These are the new equations:

rbot=(a0+288a1)+s(b0+288b1)q(f0+288f1)c2176rtop=a2+sb2qf2+c\begin{aligned} r_{bot} &= (a_0 + 2^{88} \cdot a_1) + s \cdot (b_0 + 2^{88} \cdot b_1) - q \cdot (f_0 + 2^{88} \cdot f_1) - c \cdot 2^{176} \\ r_{top} &= a_2 + s \cdot b_2 - q \cdot f_2 + c \end{aligned}

with rtop=r2r_{top} = r_2 and c=c1c = c_1.

Gadget

The full foreign field addition/subtraction gadget will be composed of:

  • 11 public input row containing the value 11;
  • nn rows with ForeignFieldAdd gate type:
    • for the actual nn chained additions or subtractions;
  • 11 ForeignFieldAdd row for the bound addition;
  • 11 Zero row for the final bound addition.
  • 11 RangeCheck gadget for the first left input of the chain a1:=aa_1 := a;
  • Then, nn of the following set of rows:
    • 11 RangeCheck gadget for the ii-th right input bib_i;
    • 11 RangeCheck gadget for the ii-th result which will correspond to the (i+1)(i+1)-th left input of the chain ri=ai+1r_i = a_{i+1}.
  • 11 final RangeCheck gadget for the bound check uu.
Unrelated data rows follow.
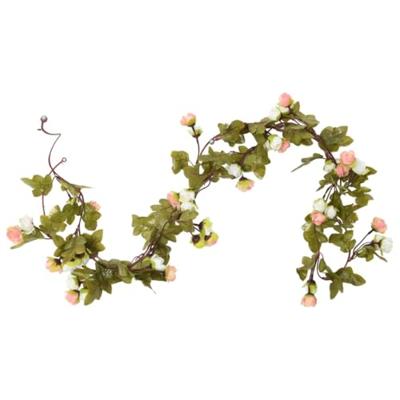 VidaXL Kerstslingers met bloemen 6 st 215 cm champagnekleurig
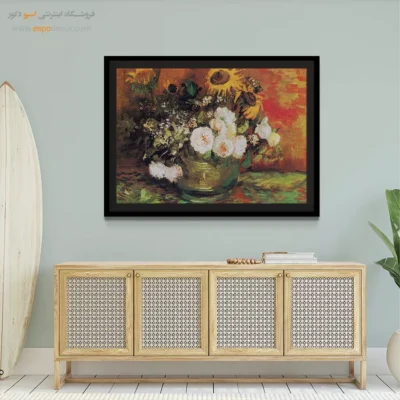 خرید تابلو تزئینی اتاق خواب - کاسه با گل رز آفتابگردان – تابلو نقاشی های ون گوگ - اسپو دکور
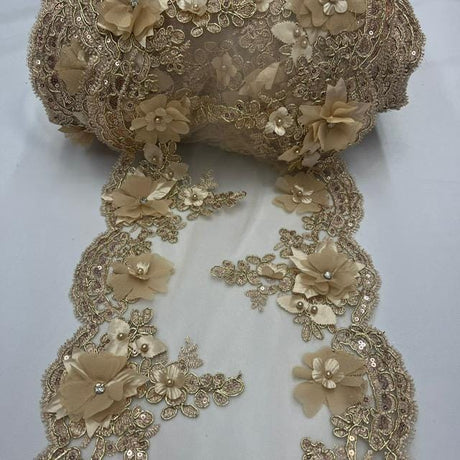 Champagne Beaded Lace Fabric - 3D Embroidered Floral Lace, Champagne, 22" Width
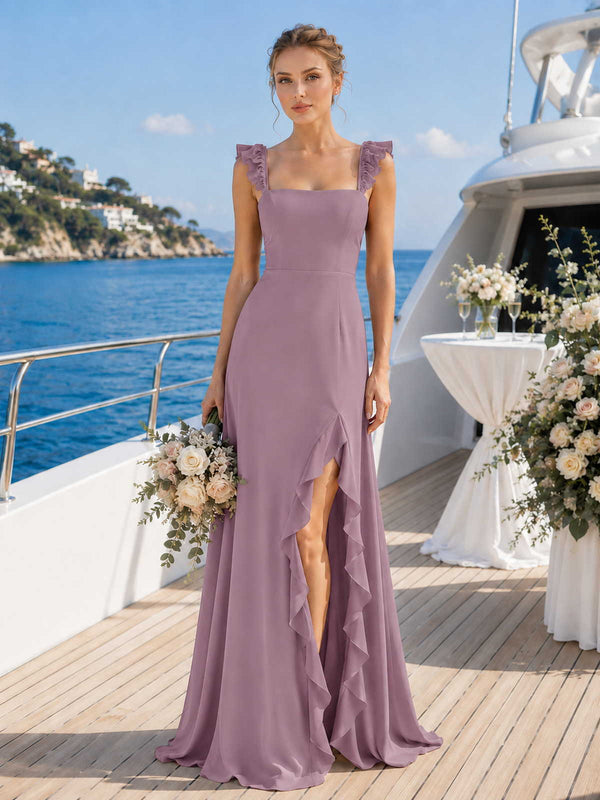 Dusty mauve chiffon bridesmaid dress with square neckline, ruffle straps, front slit, cascading ruffle detail, and floor-length A-line silhouette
A total of 20 rows with 15 columns in Kimchi for 1 addition. All ranges below are inclusive.

Row(s)Gate type(s)Witness
0PublicInput11
1..nForeignFieldAdd+/-
n+1ForeignFieldAddbound
n+2Zerobound
n+3..n+6multi-range-checkleft
n+7+8i..n+10+8imulti-range-checkright
n+11+8i..n+14+8imulti-range-checkrr
9n+7..9n+10multi-range-checkuu

This mechanism can chain foreign field additions together. Initially, there are nn foreign field addition gates, followed by a foreign field addition gate for the bound addition (whose current row corresponds to the next row of the last foreign field addition gate), and an auxiliary Zero row that holds the upper bound. At the end, an initial left input range check is performed, which is followed by a nn pairs of range check gates for the right input and intermediate result (which become the left input for the next iteration). After the chained inputs checks, a final range check on the bound takes place.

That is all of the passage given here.